We know that $c = \lambda f$, then $\lambda = \dfrac{c}{f}$ . And if we put this value of $\lambda $ in the formula of $N$, we get:
$\begin{array}{l}
N = \dfrac{{2L\mu }}{\lambda }\\
\Rightarrow N = \dfrac{{2Lf\mu }}{c}
\end{array}$
Now if we make $f$ the subject in the above equation and then find the change in $f$, we get:
$\begin{array}{l}
N = \dfrac{{2Lf\mu }}{c}\\
\Rightarrow f = \dfrac{{cN}}{{2L\mu }}\\
\Delta f = \dfrac{{c \times \Delta N}}{{2L\mu }}
\end{array}$
Now we know that $\Delta N = 1$ and putting this value in the formula and calculating we get:
$\begin{array}{l}
\Delta f = \dfrac{{c \times \Delta N}}{{2L\mu }}\\
\Rightarrow \Delta f = \dfrac{{3 \times {{10}^8} \times 1}}{{2 \times 6 \times {{10}^{ - 2}} \times 1.75}}\\
\Rightarrow \Delta f = \dfrac{{3 \times {{10}^8} \times 1}}{{2 \times 6 \times {{10}^{ - 2}} \times 1.75}}\\
\Rightarrow \Delta f = 1.43 \times {10^9}\,Hz
\end{array}$

Hence the shift in frequency is equal to $1.43 \times {10^9}Hz$.
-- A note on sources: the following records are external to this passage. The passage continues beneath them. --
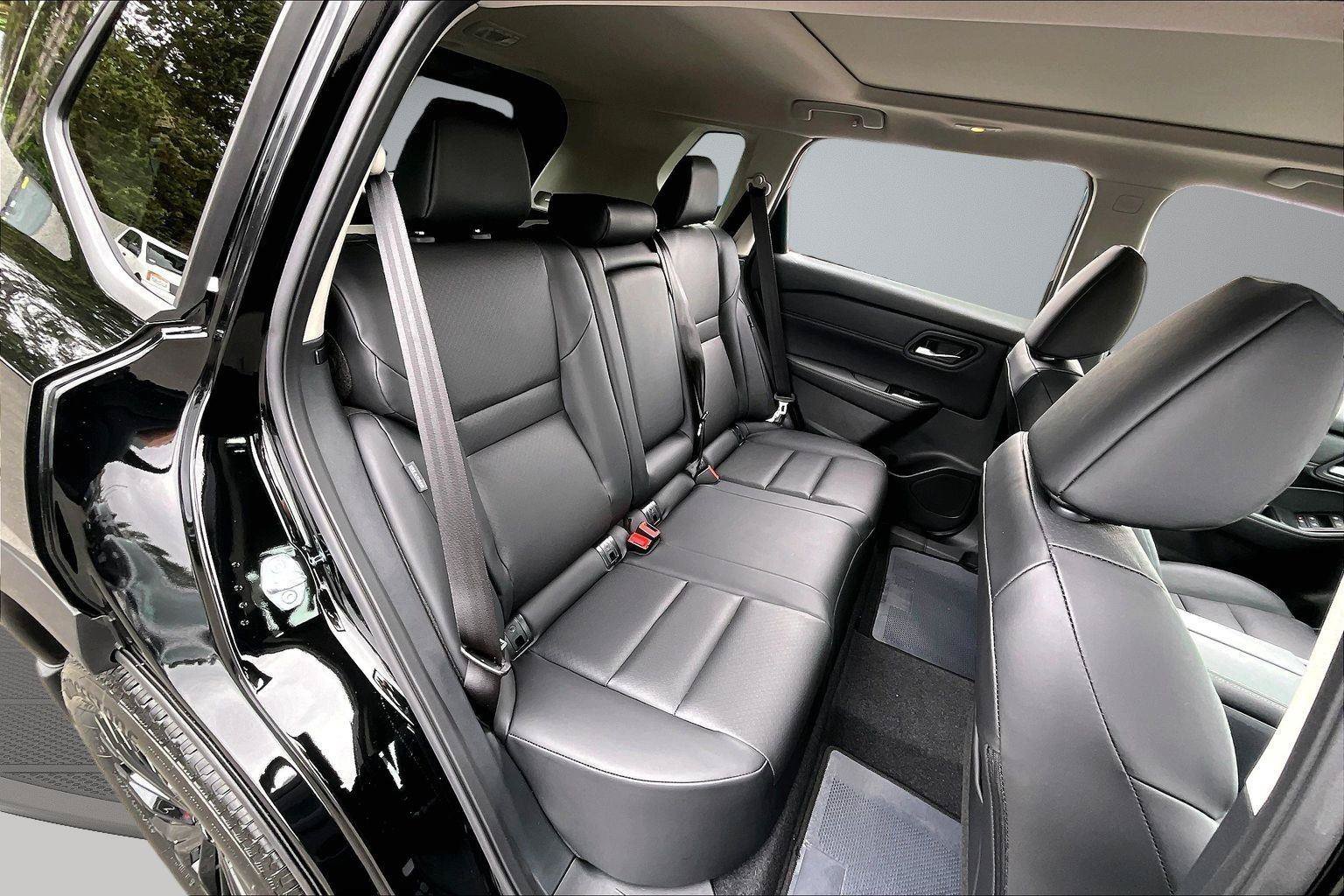 New 2026 Nissan Rogue Dark Armor AWD/4WD image 10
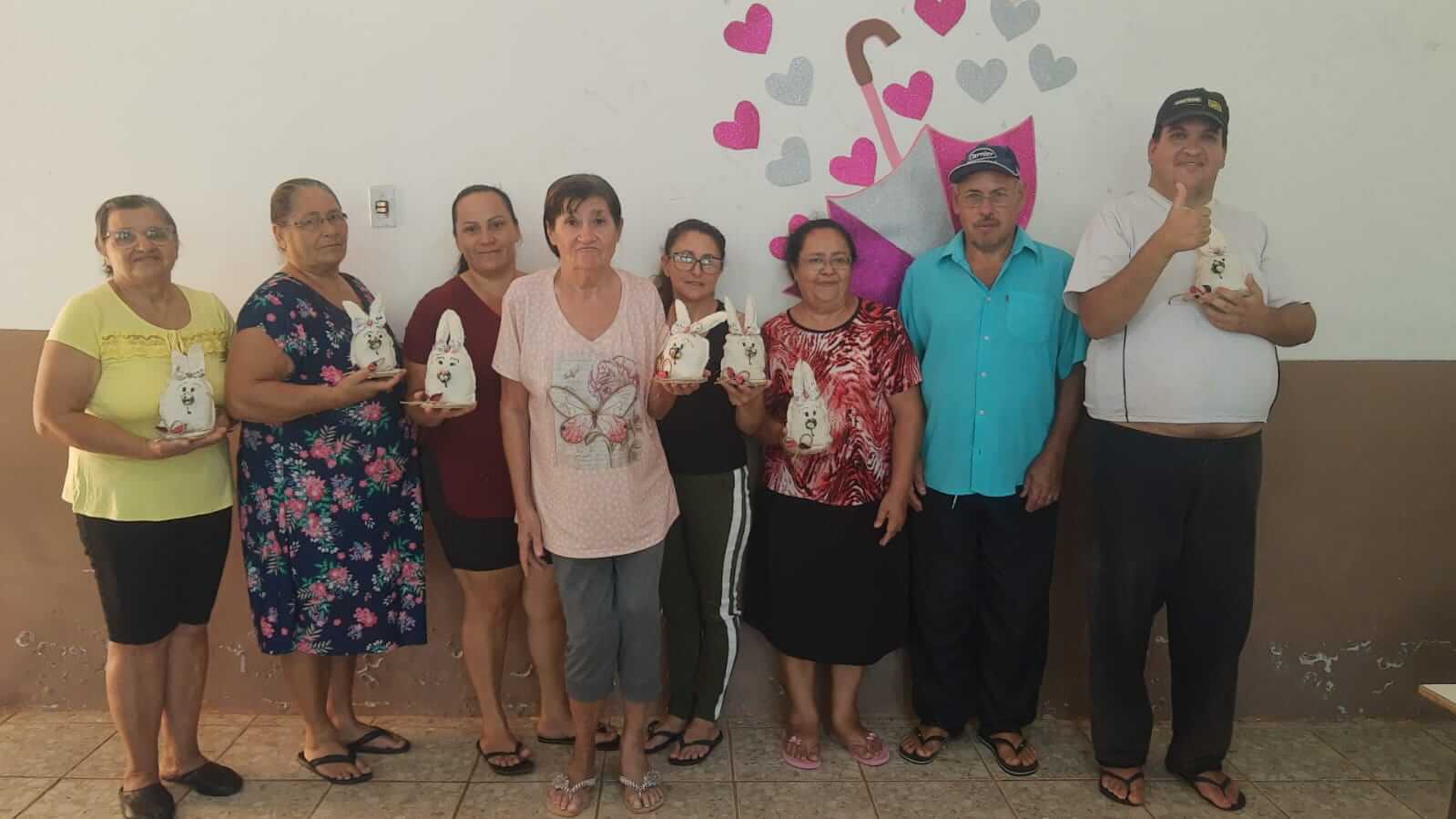 <p><strong><span style="font-size: 14pt;">ALUNOS DA EJA DESENVOLVEM TRABALHOS ARTESANAIS ALUSIVOS &Agrave; P&Aacute;SCOA</span></strong></p>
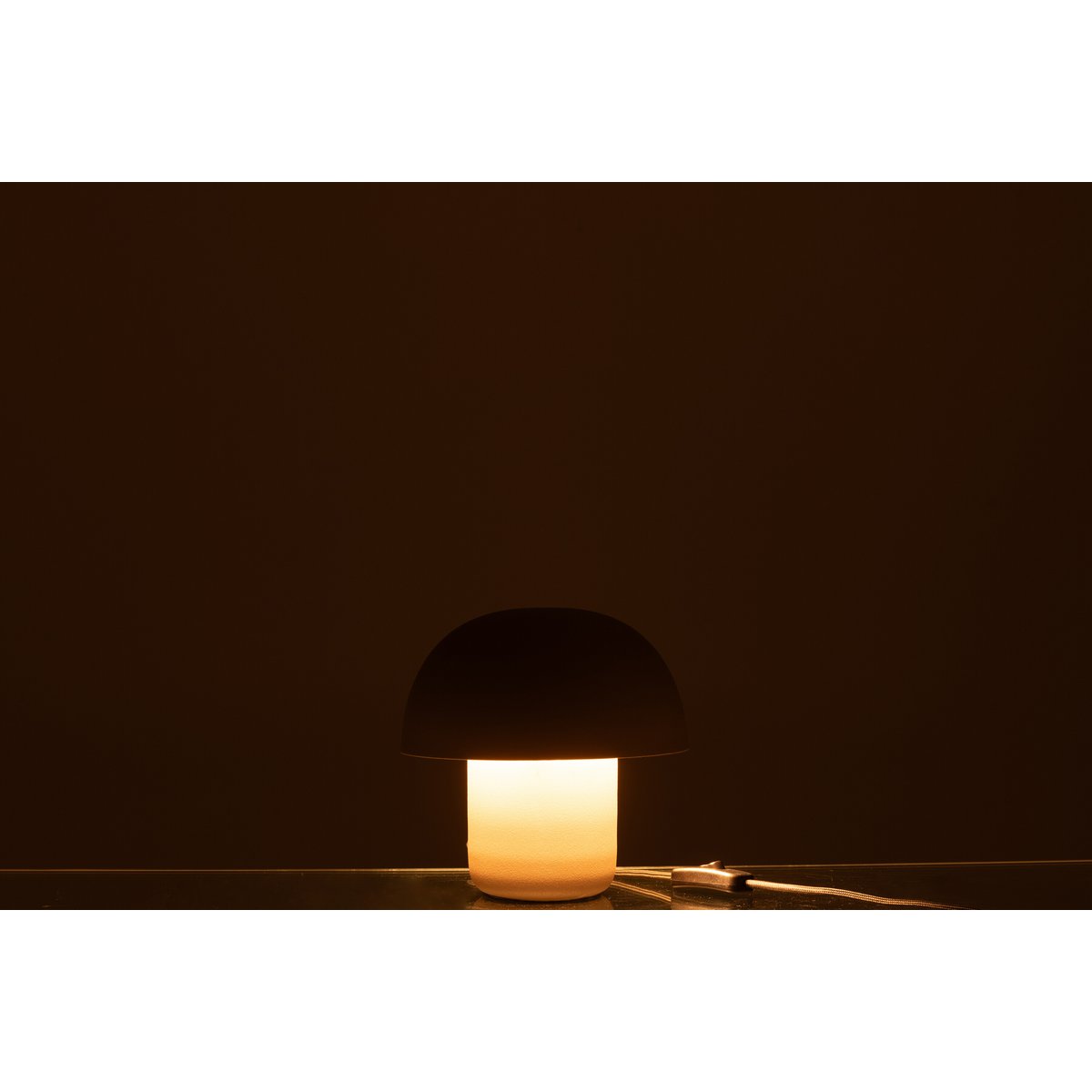 Détail de la lampe de table J-Line, métal taupe, ambiance cosy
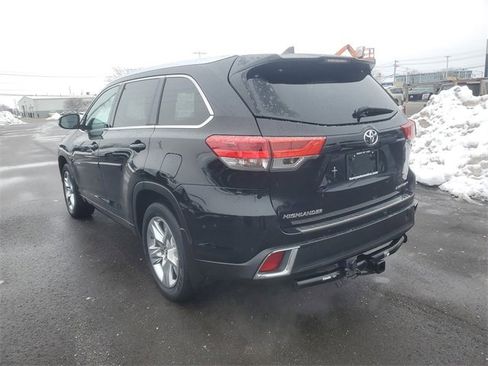 Used 2019 Toyota Highlander Limited image 3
C) In this part we have to prove the relation, $\Delta f = \dfrac{1}{t}$.
We know that the velocity od ray inside the medium is given by,
$v = \dfrac{c}{\mu }$, where c is speed of light in free space.
We also know that,
 $\begin{array}{l}
v = \dfrac{d}{t}\\
\Rightarrow v = \dfrac{{2L}}{t}
\end{array}$
$t = \dfrac{{2L}}{v}$.
Here distance travelled is taken as 2L because the motion to be considered is of back and forth.
If we put the value of v in the above formula, we get:
\[\begin{array}{l}
t = \dfrac{{2L}}{v}\\
\Rightarrow t = \dfrac{{2L\mu }}{c}
\end{array}\]
If we considered the value of change in frequency we know,
$\Delta f = \dfrac{c}{{2\mu L}}$, when $\Delta N = 1$.
We can easily see that the above equation is just the reciprocal of the equation of $t$.
Hence, proved: $\Delta f = \dfrac{1}{t}$.
D) In this part we have to calculate the fractional shift in the frequency.
The mathematical representation of fractional shift in the frequency is:$\dfrac{{\Delta f}}{f}$.
Now we know that $f = \dfrac{c}{\lambda }$we will put this value of f in the formula of fractional shift in frequency:
$\dfrac{{\Delta f}}{f} = \dfrac{{\Delta f\lambda }}{c}$
We know the values of $\Delta f$, $\lambda $and c and we have to put them in the above equation,
$\begin{array}{l}
\dfrac{{\Delta f}}{f} = \dfrac{{1.43 \times {{10}^9} \times 694 \times {{10}^{ - 9}}}}{{3 \times {{10}^8}}}\\
\Rightarrow \dfrac{{\Delta f}}{f} = \dfrac{{1.43 \times {{10}^9} \times 694 \times {{10}^{ - 9}}}}{{3 \times {{10}^8}}}\\
\Rightarrow \dfrac{{\Delta f}}{f} = 3.308 \times {10^{ - 6}}
\end{array}$
Hence, the fractional shift infrequency is equal to $3.308 \times {10^{ - 6}}$.

Note: In the question students should calculate the required quantities one by one and use them to calculate the quantities in the next parts. If one tries to calculate every quantity from the very beginning then it will consume a lot more time than it should take.